▶ Problem description: Only the pictures are to be left out; set down the rest of the records exactly.

---------- Data provided

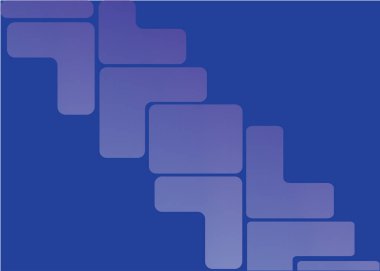 Mavi geometrik şablonu. EPS 10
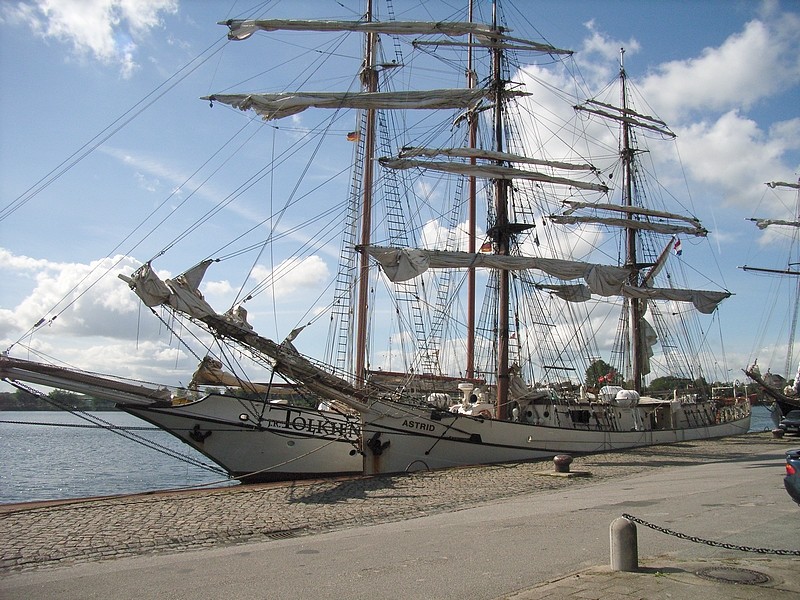 Segelromantik pur Holtenau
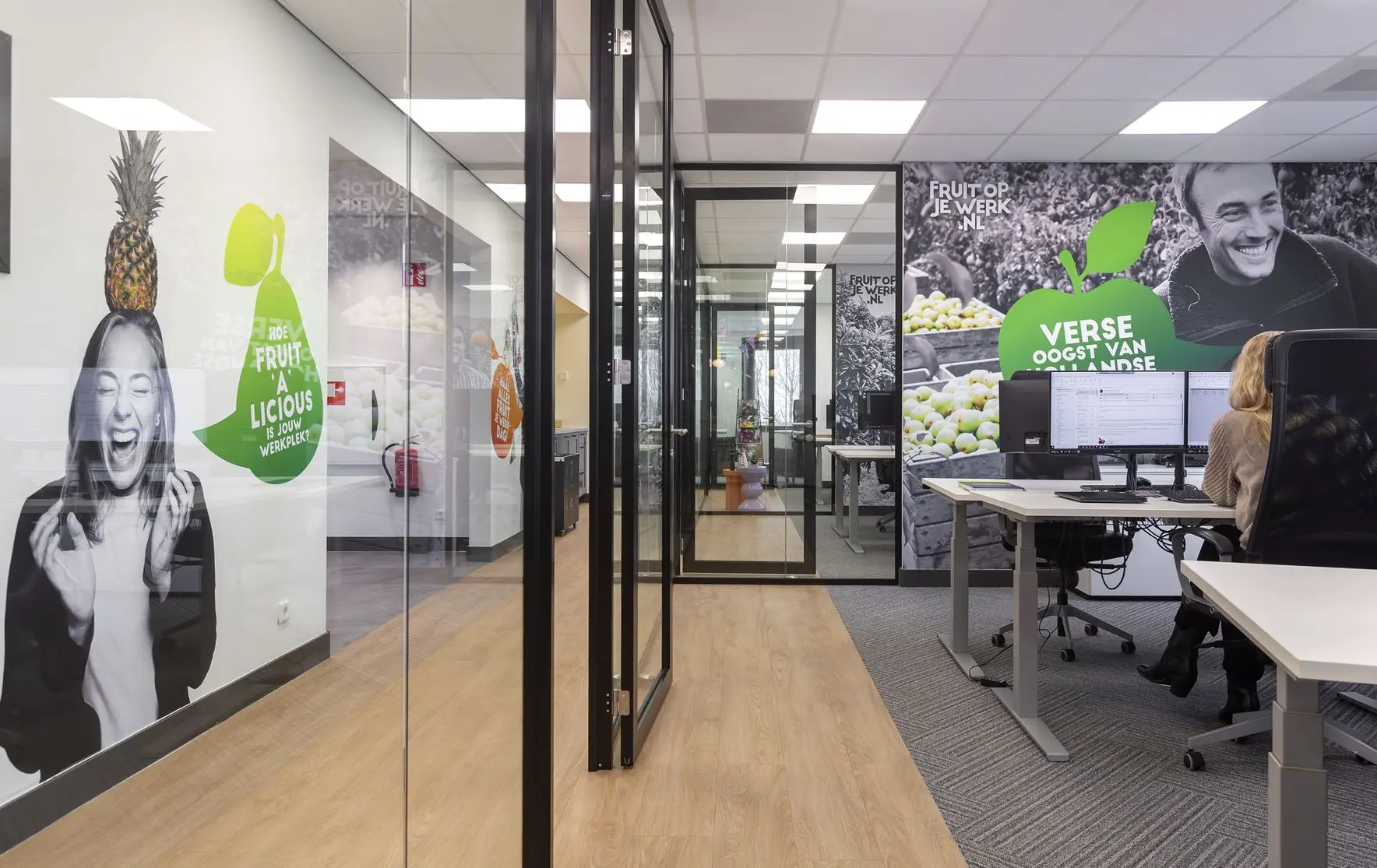 FRUIT OP JE WERK's office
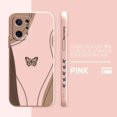 thumbnail image 3 of Case For OPPO FIND X6 X3 REALME X7 X50 RENO 2 4Z 4 6 Lite 5Z 5F 4G 5G PRO Liquid Silicone Case Beautiful Butterfly, 3 of 5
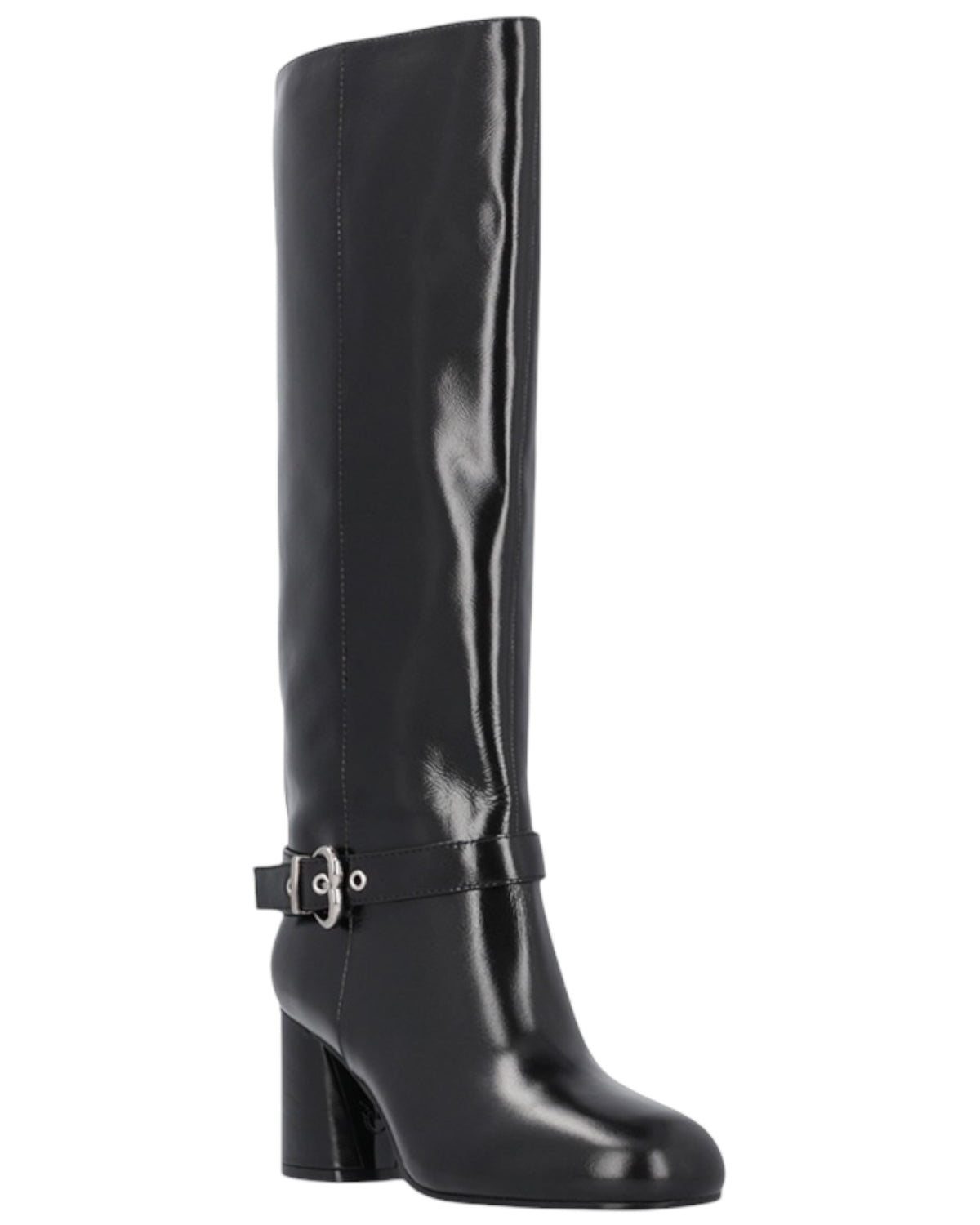 Μπότες ψηλές με τακούνι CINDY 14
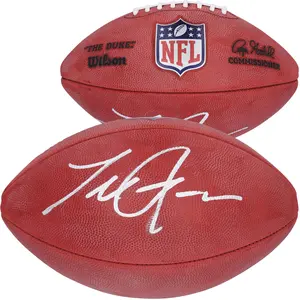 Terrell Suggs Baltimore Ravens Autographed Duke Full Color Football - Fanatics Authentic Certified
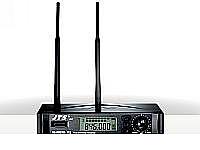 JTS US-1000D UHF PLL Single Channel True Diversity Receiver - Channel 38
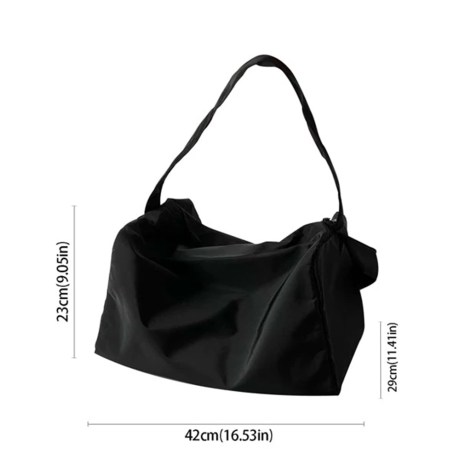Box Style Gym Bag 20 litres with Double Shoulder Strap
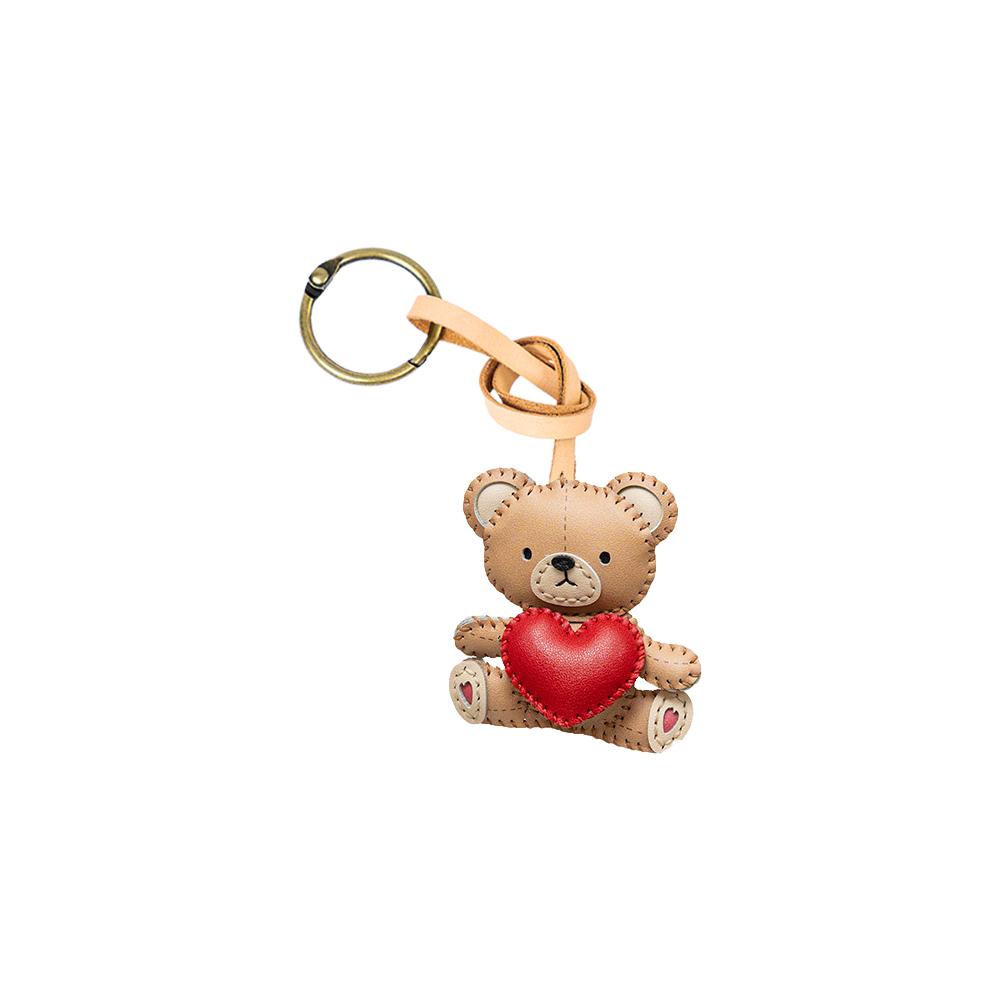 Toy Leather Bag Charm
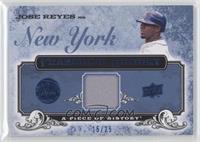 Jose Reyes #/25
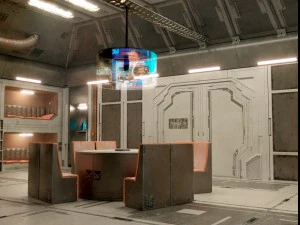 cifi room 3D Model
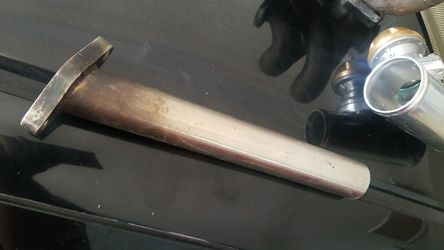 2 bolt dump tube
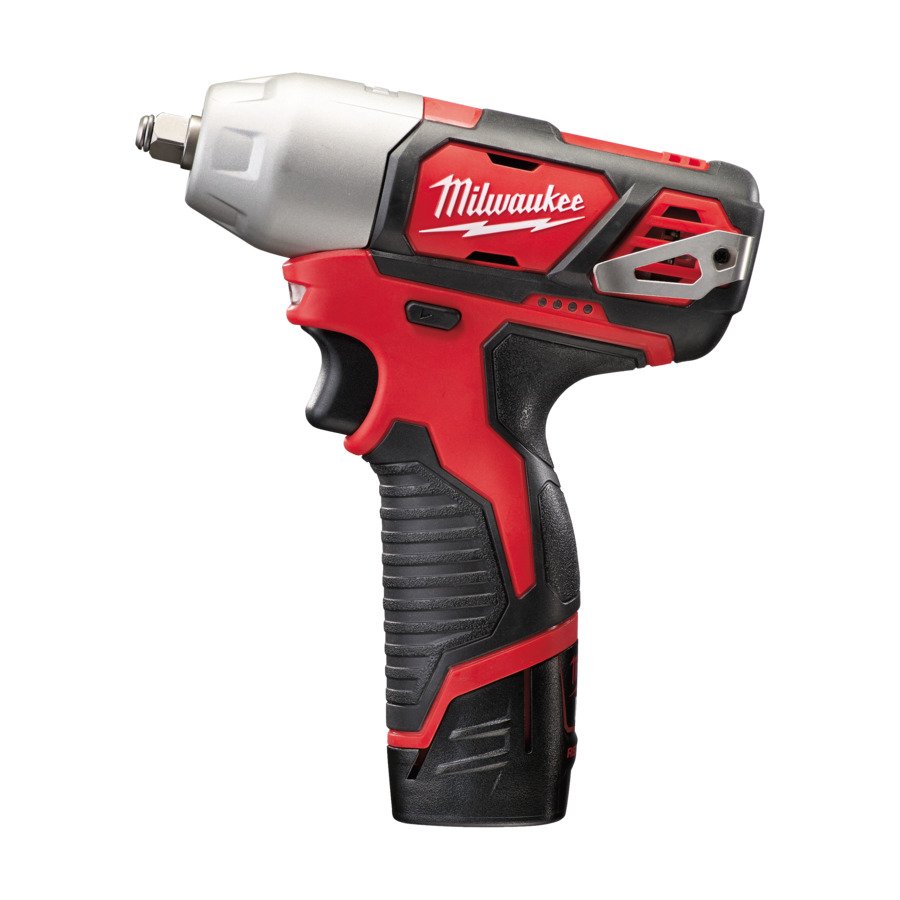 MILWAUKEE M12 SUB COMPACT ⅜″ IMPACT WRENCH – M12 BIW38 - Image 2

--------------------

▶ Written answer:
 Mavi geometrik şablonu. EPS 10
 Segelromantik pur Holtenau
 FRUIT OP JE WERK's office
 thumbnail image 3 of Case For OPPO FIND X6 X3 REALME X7 X50 RENO 2 4Z 4 6 Lite 5Z 5F 4G 5G PRO Liquid Silicone Case Beautiful Butterfly, 3 of 5
 Μπότες ψηλές με τακούνι CINDY 14
 Terrell Suggs Baltimore Ravens Autographed Duke Full Color Football - Fanatics Authentic Certified
 JTS US-1000D UHF PLL Single Channel True Diversity Receiver - Channel 38
Box Style Gym Bag 20 litres with Double Shoulder Strap
 Toy Leather Bag Charm
 Jose Reyes #/25
 cifi room 3D Model
 2 bolt dump tube
 MILWAUKEE M12 SUB COMPACT ⅜″ IMPACT WRENCH – M12 BIW38 - Image 2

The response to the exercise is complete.